In essence, Japanese capital remains overseas rather than returning home to chase yields. Analysts and traders are closely watching whether this trend will change as Japan's financial markets fully activate.
Here are some charts illustrating Japan's asset rotation:
1. Asset Class Rotation Investors betting on stronger economic growth are withdrawing from fixed-income assets and moving into equities. The Nikkei 225 and Topix indices have both hit record highs this year.
2. Value Stocks Outperform Growth Stocks Similar to reflation trades in other countries, Japanese value stocks have outperformed growth stocks. Quantitative investors typically interpret this trend as growth momentum spreading more broadly throughout the economy.
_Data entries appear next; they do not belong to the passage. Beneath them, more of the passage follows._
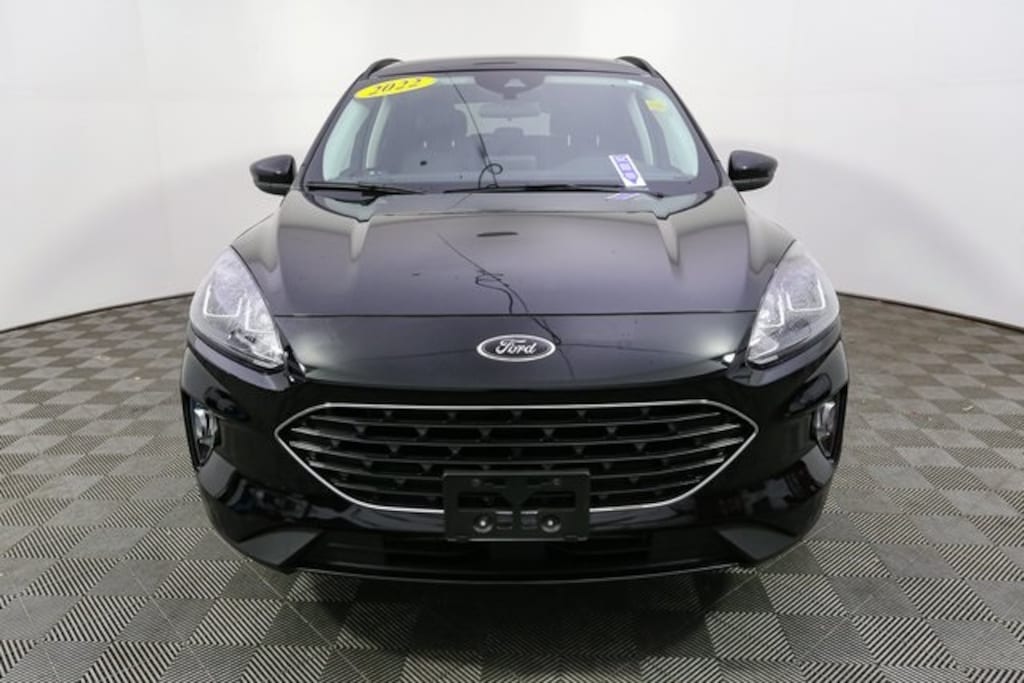 Used 2022 Ford Escape SEL SUV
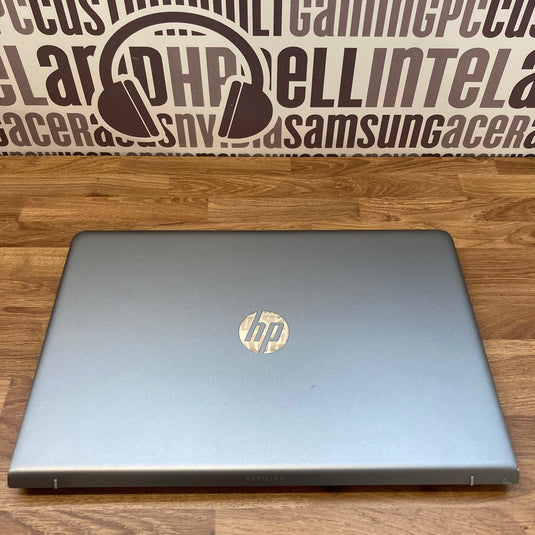 HP Laptop 15-cd059sa - AMD Quad-Core 8GB RAM 2TB HDD DVD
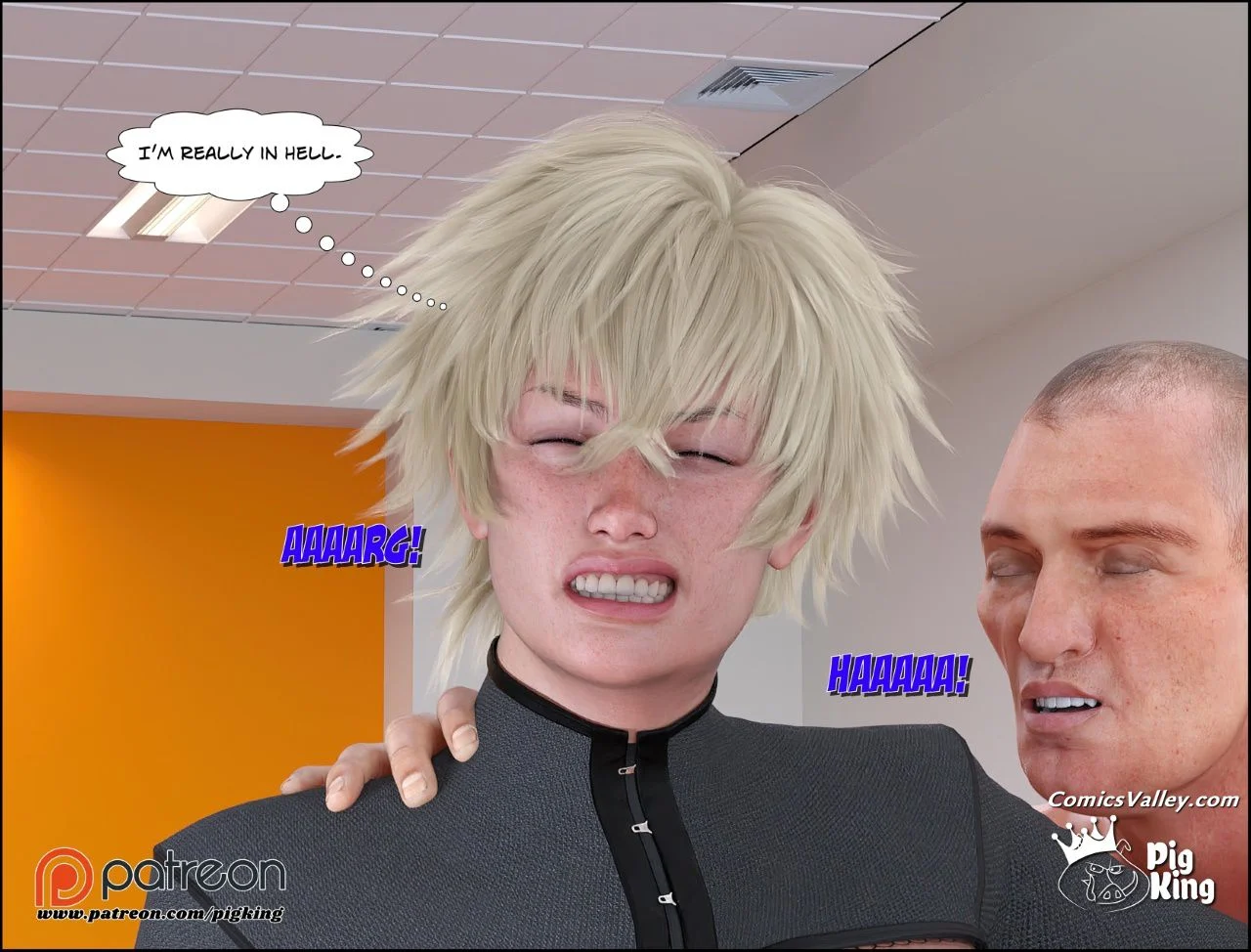 Hell Village [PigKing] - Chapter 1 — Page 96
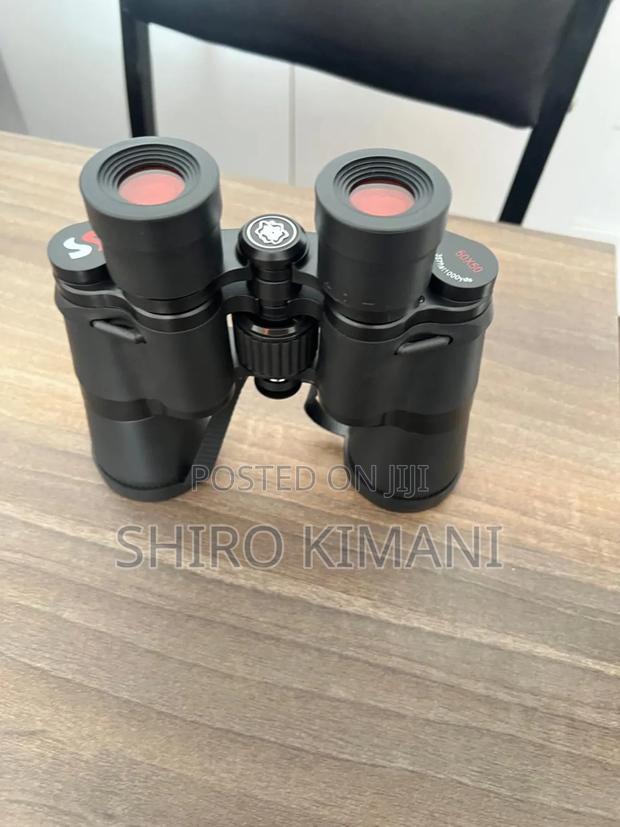 20x20 Field Binoculars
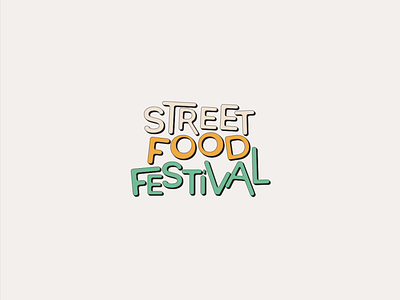 Logo Food Festival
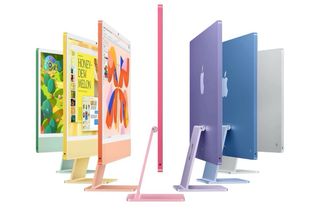 Apple iMac 24” Pantalla Retina 4.5k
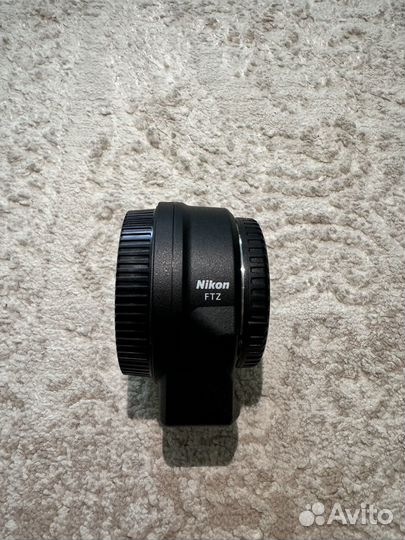 Пепеходник Nikon FTZ
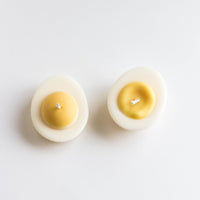 Soft Boiled Eggs Candle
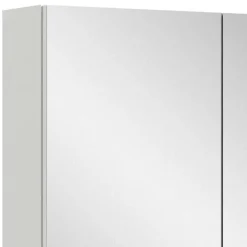 Bad Spiegelschrank mit asymmetrischen Türen - Vitablos^Wohnen Clearance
3. Carry Trade Foreign buyers can achieve significant excess returns in Japanese government bonds. Five-year US Treasury yields are only 3.86%, while similar-maturity JGBs can provide 5% returns when hedged back to USD. This bond market "magic" is possible due to the massive interest rate differential between the Federal Reserve and the Bank of Japan.
4. Yen Hedging Costs The above carry trade is only effective for foreign investors. Due to the Bank of Japan's relatively low interest rates, Japanese investors face higher costs for currency-hedged investments in the US.
5. Japan's Overseas Wealth Earlier this year, Japan lost its title as the "world's largest creditor nation" to Germany. However, Japan still has considerable financial assets overseas that could potentially be sold and repatriated when necessary.